Task statement: Omit the pictures and return every entry exactly as written.

Supplied records:

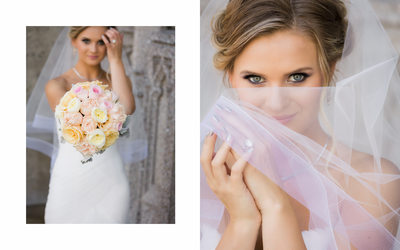 Bride Holding Veil Front of Church San Francisco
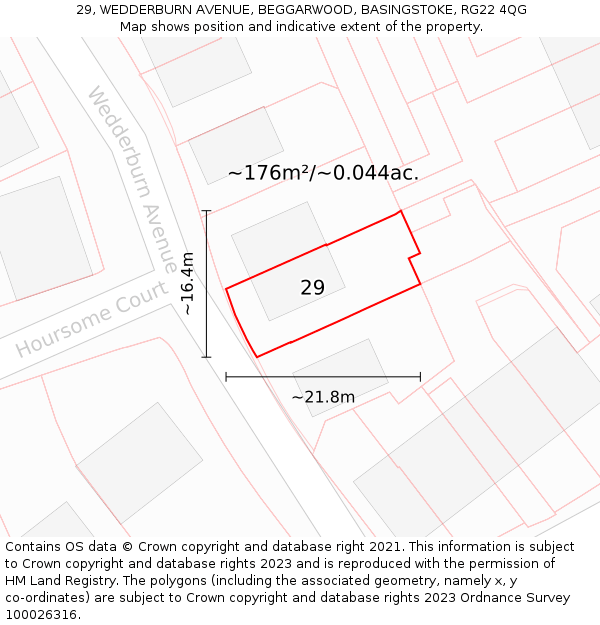 29, WEDDERBURN AVENUE, BEGGARWOOD, BASINGSTOKE, RG22 4QG: Plot and title map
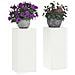 Set di 2 Supporti per Piante da Esterno in bianco, 24x24x55 cm, Acciaio - Foto miniatura 3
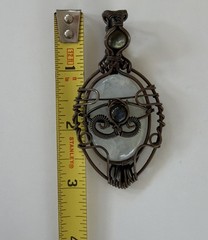 Rainbow Moonstone And Labradorite Wire Wrapped Necklace Pendent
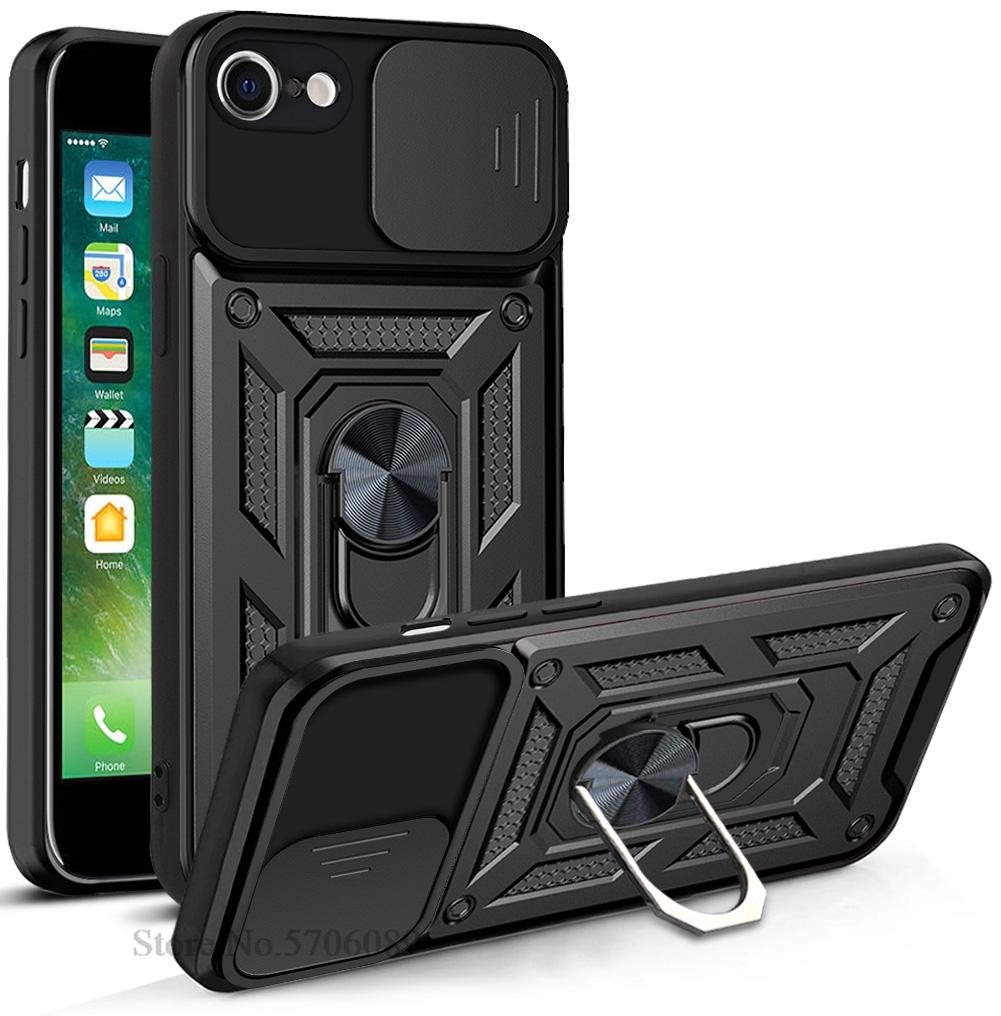 For iPhone SE 2020 Case SE 2022 SE 2 3 SE2 SE3 Shockproof Armor Lens Protector Phone Cover For iPhone 7 8 iPhone7 Case With Ring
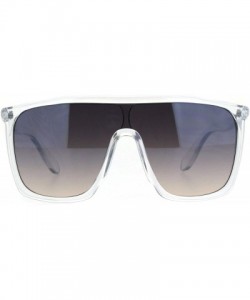 Rectangular Oversize Shield Racer Retro Plastic Mobster Sunglasses - Clear Brown Smoke - CK18KAGYL42 $9.63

Expected answer:
 Bride Holding Veil Front of Church San Francisco
 29, WEDDERBURN AVENUE, BEGGARWOOD, BASINGSTOKE, RG22 4QG: Plot and title map
 Set di 2 Supporti per Piante da Esterno in bianco, 24x24x55 cm, Acciaio - Foto miniatura 3
 Rainbow Moonstone And Labradorite Wire Wrapped Necklace Pendent
 For iPhone SE 2020 Case SE 2022 SE 2 3 SE2 SE3 Shockproof Armor Lens Protector Phone Cover For iPhone 7 8 iPhone7 Case With Ring
 Rectangular Oversize Shield Racer Retro Plastic Mobster Sunglasses - Clear Brown Smoke - CK18KAGYL42 $9.63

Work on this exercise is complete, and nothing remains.